Kinky Boots is about a 4 generation shoe factory in Northampton which faced a loss of international and home demand for its products and decided to experiment with a lime of erotic footwear for men who like to dress up in female attire and those who perform as drag Queens. The culmination of the Full Monty is when the men make their first full strip on stage and fitted into the development in the eighties and nineties of men stripping exclusively for women which started with small shows in public houses and led to full shows on theatres. The development demonstrated the change in social attitudes and acceptability between the days when only stationary nude posing was allowed on the London stage at the Windmill Theatre and the widespread development of licences strip clubs, sex shops and those selling erotic wear and goods prominently located in town and city centres.
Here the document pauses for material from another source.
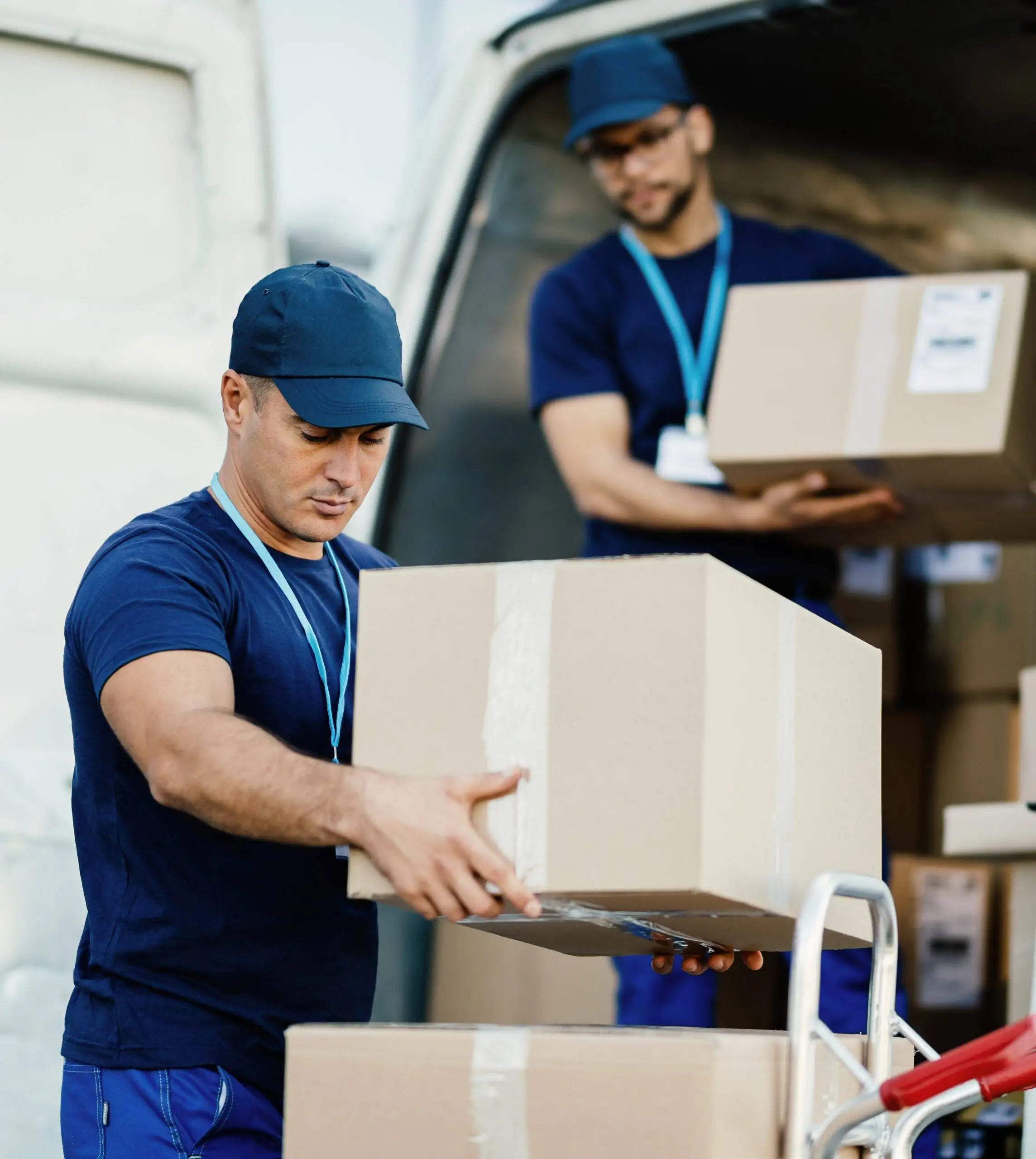 The Benefits of Hiring Professional Movers in Winnipeg: Why DIY Moves Can Be a Recipe for Disaster Young delivery man and his coworker unloading boxes from a van.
I know a little about the shoe and boot industry over the past 150 years because my maternal great grandfather is known to have been a shoe maker throughout his working life who with one of his sons recorded in one census the change to making boots and other goods from leather imported from one area of Spain as first industrial processes were introduced in Northampton and other Midland towns. His son became a rural messenger and postman but the trade of shoemaking was continued by the youngest son in a neighbouring county town. Some of the main features of the film are factual in that the firm was a four generation enterprise in Northampton. The change to making the erotic footwear occurred by chance with an enquiry from a fetish shop in Folkestone which selected the factory from a list obtained from the Footwear Federation and the company was able to develop and expand the range after attending a footwear show in Germany, the film ends with a show in Milan. The actual firm became the Kinky Boots Factory, after the BBC gave the name to its programme Trouble at the Top. The basic facts do not make a full length fictional story so the film tackles the issue of sexual orientation and identity by also focussing on the life of one drag Queen performer who is transported from Soho club land to becoming the creative designed for the factory and its Milan collection. The film does overlook the seedier aspects of the lives of those who enjoy thigh length boots with a whip built into the side of one so that it possible see such wear displayed in the High Street, just as the growth of public stripping, including persuading several hundred Tynesiders to strip off for contemporary art photographs, overlooks the recruitment of young middle European teenagers into sexual slavery as lap dancers for capital city centre clubs. It also led to members of the Women's Institute in Yorkshire stripping off for a Calendar to raise funds for Leukaemia Research, raising over £1 million for the same organisation of which Sir Ian Botham is the fund raising President.

I mention this fact because to launch the film premier in London, the film company, Buena Vista International who also created the Calendar Girls film, held a charity Kinky Boot auction on behalf of the Elton John AIDS Foundation with a host of celebrities contributing designs, including Cher, Joan Collins and Elton, plus e the original boot designed for the Folkestone store and those worn in the film by its Drag Queen Lola. Ok so some of my links are flimsy but who is to prove that my perception of time and reality is less closer to the truth than yours?